**What is expected:** Although the data below holds other lines too, output only those from the line with "Facettierte Glas Cabochon, flache" up to and including the line with "Graded 2021 Topps", exactly as they appear.

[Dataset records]

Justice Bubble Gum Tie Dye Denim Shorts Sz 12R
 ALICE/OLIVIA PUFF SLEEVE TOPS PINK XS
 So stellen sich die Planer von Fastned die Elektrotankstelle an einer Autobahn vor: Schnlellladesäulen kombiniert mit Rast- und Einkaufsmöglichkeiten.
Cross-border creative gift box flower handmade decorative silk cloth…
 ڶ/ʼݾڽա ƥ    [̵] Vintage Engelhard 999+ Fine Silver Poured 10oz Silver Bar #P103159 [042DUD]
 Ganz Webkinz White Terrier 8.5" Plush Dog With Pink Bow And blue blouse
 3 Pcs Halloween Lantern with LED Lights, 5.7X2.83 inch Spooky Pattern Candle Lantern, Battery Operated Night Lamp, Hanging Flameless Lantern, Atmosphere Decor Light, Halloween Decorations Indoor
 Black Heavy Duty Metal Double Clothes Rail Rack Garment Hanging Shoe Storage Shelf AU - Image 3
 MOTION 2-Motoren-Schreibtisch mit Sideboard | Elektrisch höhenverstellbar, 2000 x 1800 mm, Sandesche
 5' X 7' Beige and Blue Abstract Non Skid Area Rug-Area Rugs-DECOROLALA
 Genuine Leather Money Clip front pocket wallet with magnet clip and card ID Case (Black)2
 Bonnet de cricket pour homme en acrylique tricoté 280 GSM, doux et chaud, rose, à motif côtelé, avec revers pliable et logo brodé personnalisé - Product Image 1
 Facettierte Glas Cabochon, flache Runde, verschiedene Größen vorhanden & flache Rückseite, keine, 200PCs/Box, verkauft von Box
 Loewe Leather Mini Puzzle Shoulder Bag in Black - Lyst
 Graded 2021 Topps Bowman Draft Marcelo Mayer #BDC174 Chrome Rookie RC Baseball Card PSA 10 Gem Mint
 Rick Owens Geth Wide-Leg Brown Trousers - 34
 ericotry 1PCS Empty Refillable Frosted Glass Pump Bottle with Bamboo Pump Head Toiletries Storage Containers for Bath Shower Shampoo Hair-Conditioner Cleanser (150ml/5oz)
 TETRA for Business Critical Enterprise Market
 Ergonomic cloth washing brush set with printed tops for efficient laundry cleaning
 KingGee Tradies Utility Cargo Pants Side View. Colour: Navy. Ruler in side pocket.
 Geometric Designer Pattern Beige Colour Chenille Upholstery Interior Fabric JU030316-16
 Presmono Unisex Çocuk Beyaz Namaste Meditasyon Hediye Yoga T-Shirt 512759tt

**Response to the exercise:**
 Facettierte Glas Cabochon, flache Runde, verschiedene Größen vorhanden & flache Rückseite, keine, 200PCs/Box, verkauft von Box
 Loewe Leather Mini Puzzle Shoulder Bag in Black - Lyst
 Graded 2021 Topps Bowman Draft Marcelo Mayer #BDC174 Chrome Rookie RC Baseball Card PSA 10 Gem Mint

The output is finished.